#15: What does it mean when fewer people die?
This week: Different angles on the decline in mortality, clean water, easy ways to save lives, and more.
This is my fifteenth post of Scientific Discovery, a newsletter where I’ll share great new scientific research that you may have missed.
Hello! It’s been a while because I’ve been pretty busy at my new job at Our World in Data. But I’ve also been reading lots of great research, and I’ve tried to summarise some of it here.
If you like this, I hope you subscribe. And if you spot any errors, please let me know so I can fix them. (By the way, this post is too long for email, so it might cut off later on.)
Children who died & the people who survived them
Max Roser has a great new post on the decline of child mortality, which I found very inspiring. It explains that until around two hundred years ago, around 1 in 2 children died before they were 15 years old.
Even in 1950, around 27% of children worldwide died by that age.
I think tragic statistics can often be difficult to actually absorb. It’s often easier to think of big numbers as something abstract and distant. It’s also common to think about the effects they’ve had at the broader level of population statistics, rather than the actual people involved.
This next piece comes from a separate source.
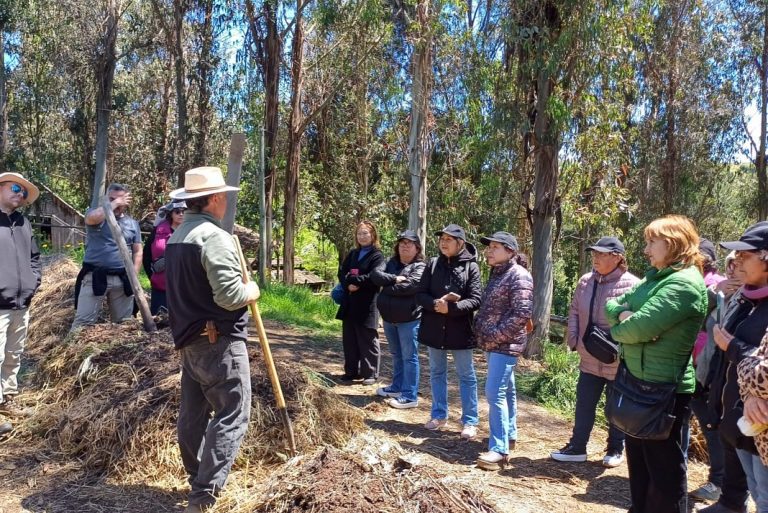 Productores quilloninos aprendieron técnicas de agroecología en Yumbel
But each of these children had an impact on people’s lives, many of whom are still alive today.
How many children lost a sibling? How many parents lost a child? How many people lost both – at different times in their lives?
Two new studies look at these questions, using data from the Demographic and Health Survey (DHS) Program, which has conducted very large surveys on child mortality in many low- and middle-income countries over decades.
The authors found that in the 1960s, over 50% of women lost a child or a sibling before they were five years old, on average in these countries.
In the 1960s, in Latin American countries, 21% lost a child under five and 35% lost a sibling under five.
In South Asian countries, 22% lost a child under five and 21% lost a sibling under five.
In Western African countries, 50% lost a child under five and 34% lost a sibling under five. This means every other woman surveyed had lost a child under five years old; and one in three had lost a sibling under five.
Many lost both. In total, between 20–40% of women surveyed had lost a sibling and a child under five in most low- and middle-income countries, in the 1960s.
Losing a sibling was related to having a higher risk of losing a child, as you can see in the chart below.
Women who had lost a sibling under five years old were around 40% more likely to lose a child later on. In other words, disadvantaged families in one generation tended to be the families at a disadvantage in the next generation as well.1
But look back at how the first chart shows a decline over time, as well.
Globally, 27% of children died before they were 15 years old in 1950.
But that figure became 4.3% in 2020, which is a 6-fold decline in seventy years. For some wealthy countries, the decline has been more than 100-fold over a couple hundred years.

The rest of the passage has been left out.